=== Provided records ===
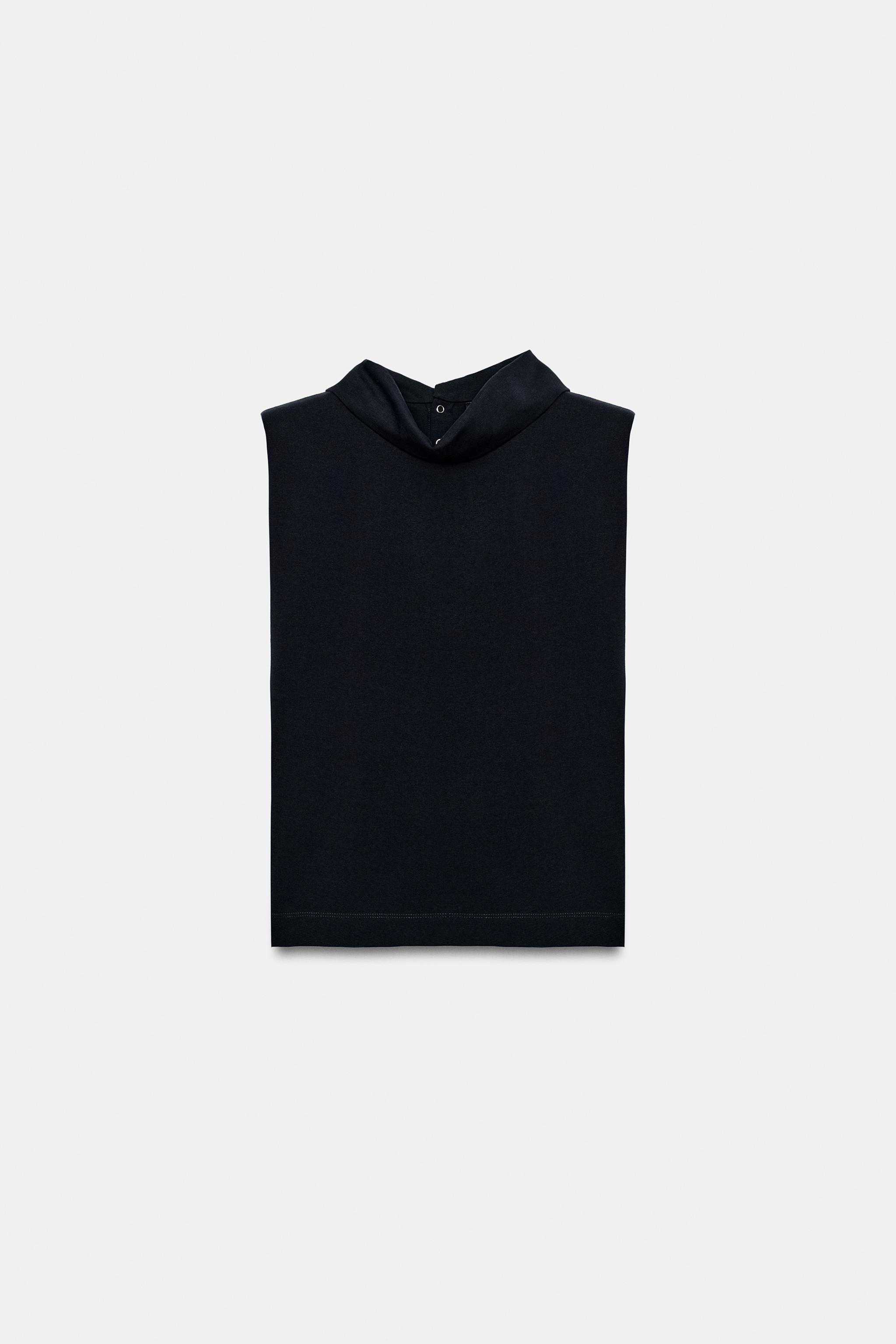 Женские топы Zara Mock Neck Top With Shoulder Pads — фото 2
==
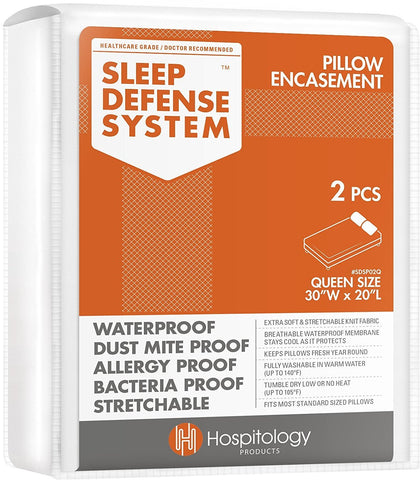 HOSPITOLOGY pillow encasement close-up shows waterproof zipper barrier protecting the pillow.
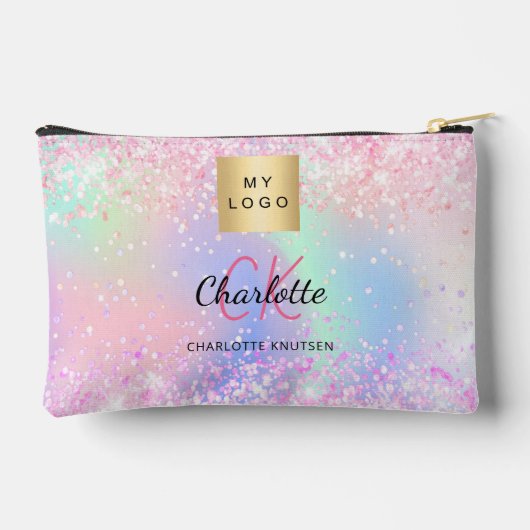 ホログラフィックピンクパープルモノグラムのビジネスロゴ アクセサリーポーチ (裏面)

=== What you have to do ===
Return only the part above that opens with the line containing "HOSPITOLOGY pillow encasement" and closes with the line containing "ホログラフィックピンクパープルモノグラムのビジネスロゴ アクセサリーポーチ (裏面)", exactly and with both ends, skipping the pictures.

=== Solution to the problem ===
 HOSPITOLOGY pillow encasement close-up shows waterproof zipper barrier protecting the pillow.
 ホログラフィックピンクパープルモノグラムのビジネスロゴ アクセサリーポーチ (裏面)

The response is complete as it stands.